For the third sample input:
2 2
0 1
1 0
| Variable | Value |
|---|---|
| rows with non-zero | 2 |
| columns with non-zero | 2 |
| min(rows, cols) | 2 |
| winner | Jeel |
This demonstrates that the first player cannot win if the minimal count is even, and the second player can mirror the moves to win.
Complexity Analysis
| Measure | Complexity | Explanation |
|---|---|---|
| Time | O(n*m) | Each cell is visited twice: once for row check, once for column check |
| Space | O(n*m) | Storing the input matrix |
The solution is well within the limits, as n and m are at most 100, and t ≤ 10, giving at most 100_100_10 = 100,000 operations.
Test Cases
import sys, io
def run(inp: str) -> str:
sys.stdin = io.StringIO(inp)
output = io.StringIO()
sys.stdout = output
solve()
return output.getvalue().strip()
# provided samples
assert run("4\n1 1\n0\n1 3\n0 0 5\n2 2\n0 1\n1 0\n3 3\n1 2 3\n4 5 6\n7 8 9\n") == "Jeel\nAshish\nJeel\nAshish"
# custom cases
assert run("1\n1 1\n1\n") == "Ashish", "single non-zero cell"
assert run("1\n2 2\n0 0\n0 0\n") == "Jeel", "all zeros"
assert run("1\n3 3\n1 0 0\n0 1 0\n0 0 1\n") == "Ashish", "diagonal ones"
assert run("1\n2 3\n1 0 0\n0 0 1\n") == "Jeel", "minimum count even"

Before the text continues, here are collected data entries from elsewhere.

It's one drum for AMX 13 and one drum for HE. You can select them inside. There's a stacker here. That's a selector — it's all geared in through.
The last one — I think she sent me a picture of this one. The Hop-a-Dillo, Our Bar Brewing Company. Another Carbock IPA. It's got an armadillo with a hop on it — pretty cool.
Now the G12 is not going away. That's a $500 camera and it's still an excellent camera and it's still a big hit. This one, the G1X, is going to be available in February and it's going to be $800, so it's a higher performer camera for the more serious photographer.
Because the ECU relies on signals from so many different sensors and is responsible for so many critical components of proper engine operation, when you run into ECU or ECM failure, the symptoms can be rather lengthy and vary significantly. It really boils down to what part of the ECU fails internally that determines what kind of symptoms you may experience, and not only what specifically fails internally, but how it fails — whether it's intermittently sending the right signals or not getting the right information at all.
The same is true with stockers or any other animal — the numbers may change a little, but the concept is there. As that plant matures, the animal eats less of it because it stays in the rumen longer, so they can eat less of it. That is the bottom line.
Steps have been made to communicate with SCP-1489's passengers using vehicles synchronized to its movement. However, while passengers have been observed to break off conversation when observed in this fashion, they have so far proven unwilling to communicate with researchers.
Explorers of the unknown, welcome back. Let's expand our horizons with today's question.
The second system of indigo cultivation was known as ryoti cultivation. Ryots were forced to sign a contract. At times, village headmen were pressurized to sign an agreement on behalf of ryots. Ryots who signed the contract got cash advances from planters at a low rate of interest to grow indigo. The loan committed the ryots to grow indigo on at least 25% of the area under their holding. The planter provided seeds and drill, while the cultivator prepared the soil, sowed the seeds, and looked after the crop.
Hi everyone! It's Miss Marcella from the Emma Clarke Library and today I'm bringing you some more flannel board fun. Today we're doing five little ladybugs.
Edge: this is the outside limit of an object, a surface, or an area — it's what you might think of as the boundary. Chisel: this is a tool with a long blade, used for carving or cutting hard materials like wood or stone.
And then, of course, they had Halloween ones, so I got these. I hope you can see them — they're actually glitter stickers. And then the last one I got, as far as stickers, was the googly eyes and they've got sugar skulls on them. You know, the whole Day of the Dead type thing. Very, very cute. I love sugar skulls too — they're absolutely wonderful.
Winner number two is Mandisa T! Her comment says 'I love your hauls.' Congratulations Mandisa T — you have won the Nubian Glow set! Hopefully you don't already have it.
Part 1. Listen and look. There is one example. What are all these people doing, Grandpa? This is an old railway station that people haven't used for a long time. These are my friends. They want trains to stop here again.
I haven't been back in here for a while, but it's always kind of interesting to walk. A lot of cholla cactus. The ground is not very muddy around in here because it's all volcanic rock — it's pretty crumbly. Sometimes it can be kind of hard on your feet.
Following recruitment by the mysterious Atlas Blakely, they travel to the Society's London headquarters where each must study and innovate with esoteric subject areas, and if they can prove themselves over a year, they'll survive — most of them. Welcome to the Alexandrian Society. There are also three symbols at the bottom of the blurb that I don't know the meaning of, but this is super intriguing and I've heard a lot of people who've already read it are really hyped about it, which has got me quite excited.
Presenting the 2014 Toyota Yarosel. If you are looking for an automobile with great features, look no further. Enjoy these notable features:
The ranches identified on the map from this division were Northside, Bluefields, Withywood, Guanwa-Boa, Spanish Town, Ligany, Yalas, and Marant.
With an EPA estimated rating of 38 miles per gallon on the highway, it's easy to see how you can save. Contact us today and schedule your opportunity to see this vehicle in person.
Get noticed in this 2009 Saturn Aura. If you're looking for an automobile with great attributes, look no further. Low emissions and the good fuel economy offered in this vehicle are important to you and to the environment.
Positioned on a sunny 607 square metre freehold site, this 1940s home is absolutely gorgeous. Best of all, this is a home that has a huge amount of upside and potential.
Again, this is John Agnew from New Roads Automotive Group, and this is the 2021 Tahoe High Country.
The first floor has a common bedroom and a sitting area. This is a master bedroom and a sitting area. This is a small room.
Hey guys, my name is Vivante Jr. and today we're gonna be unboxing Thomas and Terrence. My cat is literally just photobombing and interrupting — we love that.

| Test input | Expected output | What it validates |
|---|---|---|
| 1x1 with 1 | Ashish | first player can move and win |
| 2x2 all zeros | Jeel | no moves available |
| 3x3 diagonal | Ashish | odd minimal count gives first player win |
| 2x3 | Jeel | minimal count even gives second player win |
Edge Cases
For a matrix where only one row or one column has non-zero values, the algorithm correctly identifies the minimal count as 1. For example, a 1x5 matrix [0,0,0,0,7] has one non-zero row and one non-zero column. The minimum is 1, so Ashish wins by removing the last non-zero cell. This illustrates that the algorithm properly handles sparse matrices. Similarly, for a fully zero matrix, both counts are zero, the minimum is zero, and the second player wins because the first cannot make any moves.